VIDEO kekerasan di Gereja Santa Lid­wi­na Bedog, Sle­man, Daerah Istime­wa Yogyakarta, pada Ming­gu (11/2) lalu, begitu me­nge­rikan. Teror atas nama fa­na­tisme agama kem­bali men­ce­kam bangsa Indo­ne­sia. Misa pagi yang seharusnya khusyuk mesti dikoyak dengan aksi bia­dab Suliono (23 tahun), pemuda yang bermimpi me­ni­kahi bi­dadari. Akibat peristiwa ini, tiga orang jemaat dan se­orang Ro­mo mengalami luka serius.

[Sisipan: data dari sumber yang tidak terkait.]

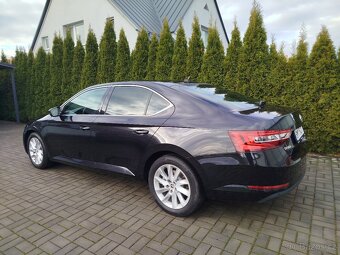 Superb 3, 1.4TSi 110kw Style +, benzín, Čr, Servisní knížka - 3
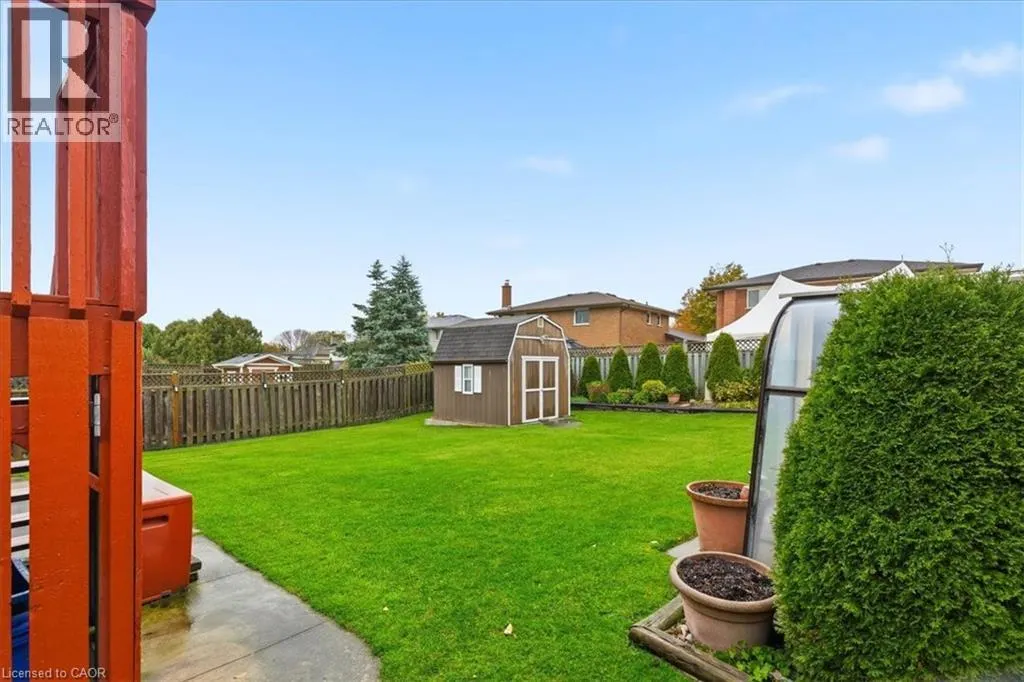 83 HAZELWOOD Crescent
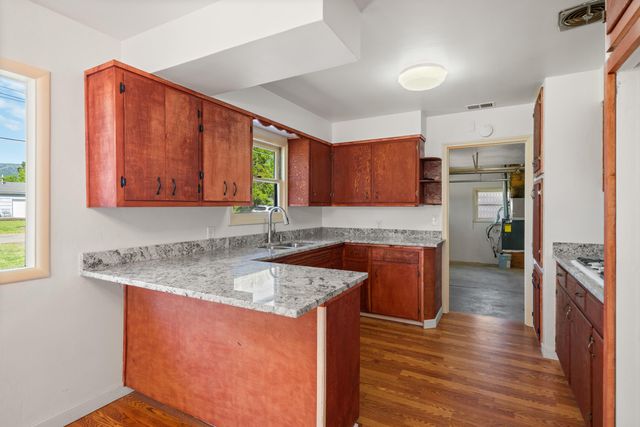 62 Winema Way, Medford, OR 97501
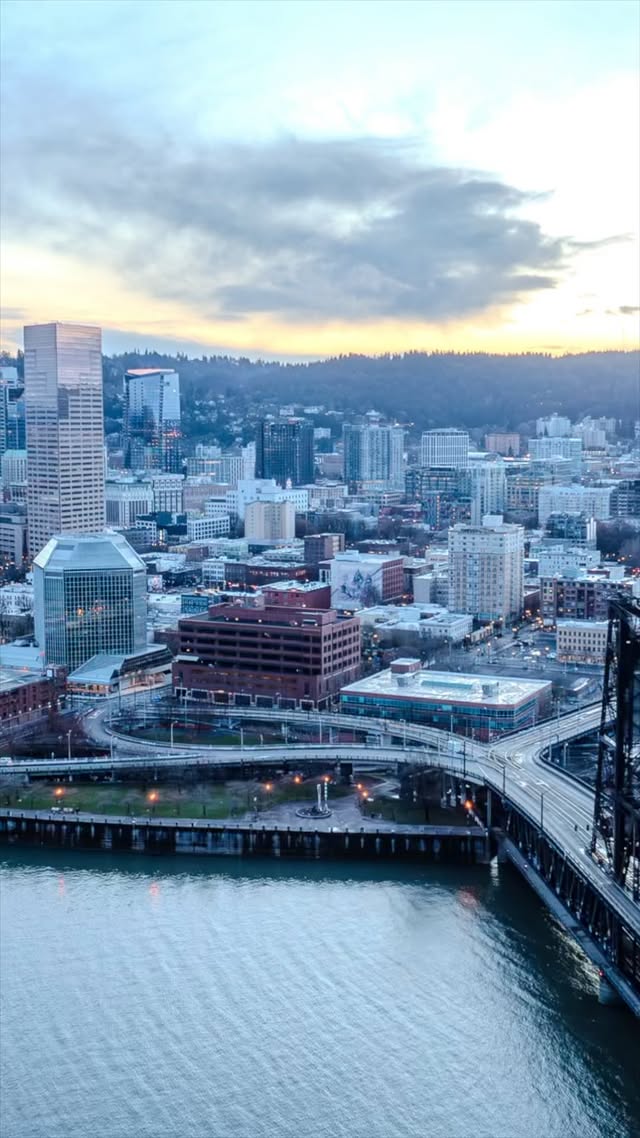 Instagram post by @datguy_eddy for Travel Oregon. Caption reads: Man I am in love with this city I have to show....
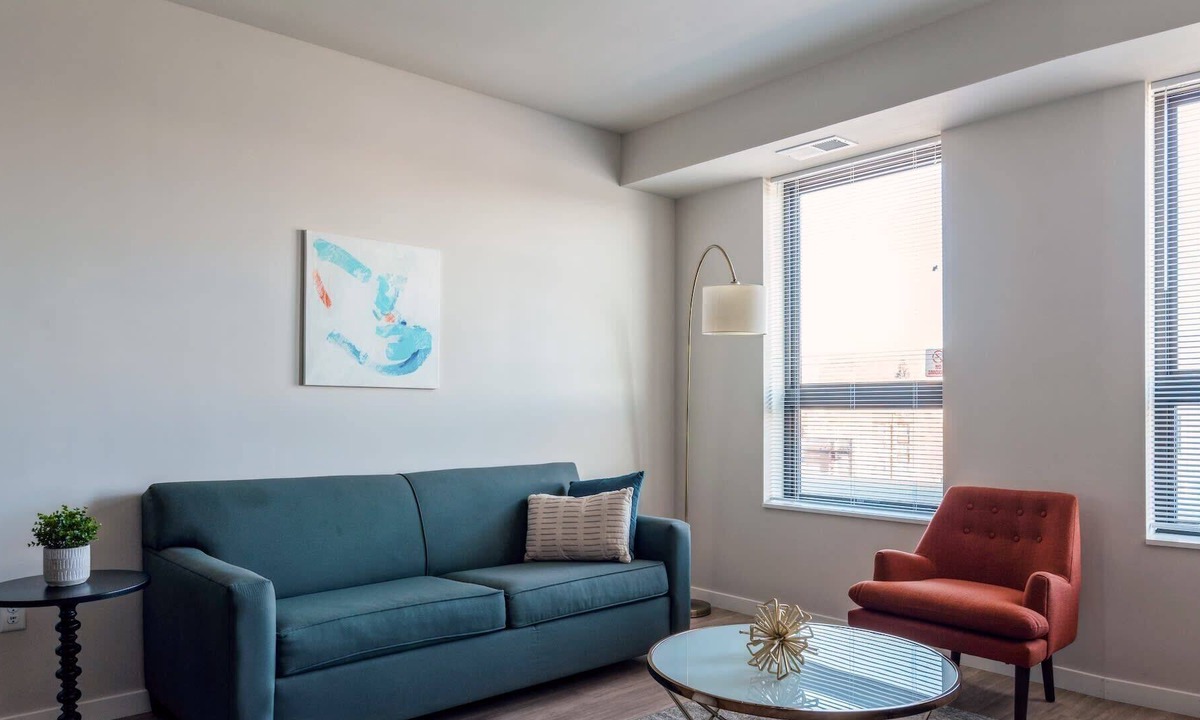 Lowry Hill East Apartment | Kasa | Welcoming 1 BD + Pet Friendly | Minneapolis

Kekerasan ekstremisme atas nama agama sering kali me­li­batkan anak muda, seperti be­be­rapa kasus bom bunuh diri. Pe­rilaku ke­ke­rasan melibatkan anak muda tak bisa di­le­paskan dari pe­ne­tra­si pe­nge­tahuan dan pe­nga­laman yang menerpa anak muda.

Generasi Rentan 

Peristiwa ini mengingatkan kita pada penelitian Universitas Islam Negeri (UIN) Syarif Hi­da­yatullah Jakarta (2017) yang me­libatkan 1.522 siswa SMA atau sederajat dan 337 ma­ha­sis­wa. Survei ini menyebut 58,8% responden menyetujui ideologi kekerasan radikalisme dan 51,1% intoleran terhadap ke­lom­pok yang berbeda agama.

Te­muan menarik dari riset ini 54,87% para anak muda ini me­miliki tren pembelajaran ke­aga­maan melalui internet, baik vi­sual maupun audio visual, se­per­ti blog , situs web, maupun media sosial. Persis dengan rilis data Asosiasi Penyedia Jasa Internet Indonesia (APJII) Ta­hun 2017 menyebutkan 42,55% pengguna internet di In­donesia mengakses internet untuk men­da­patkan informasi ke­aga­maan. 

Ini menunjukkan sumber in­for­masi yang diserap me­miliki re­lasi cukup kuat pada sikap in­to­leransi dan potensi eks­tremisme pada anak muda. Kesimpulan ini kongruen de­ngan temuan riset MAARIF Ins­titute pada April-Oktober 2017 ke­pa­da pelajar SMA dan se­de­rajat di empat kota, yakni Ja­kar­ta, Ban­dung, Su­rabaya, dan Se­ma­rang, se­ba­nyak 63% pelajar ber­pen­da­pat bahwa paparan in­to­le­ra­n­si me­reka didapatkan me­lalui saluran internet.

Se­men­tara data K­e­menterian Komu­ni­kasi dan In­formatika sejak 1 Januari hing­­ga 18 Sep­tember 2017 ter­ca­tat bah­wa se­tidaknya ter­da­pat 13.829 aduan per­nya­taan ujaran ke­ben­cian daring (online hate speech) dan berita palsu (hoax-fake news) sebanyak 6.973 aduan.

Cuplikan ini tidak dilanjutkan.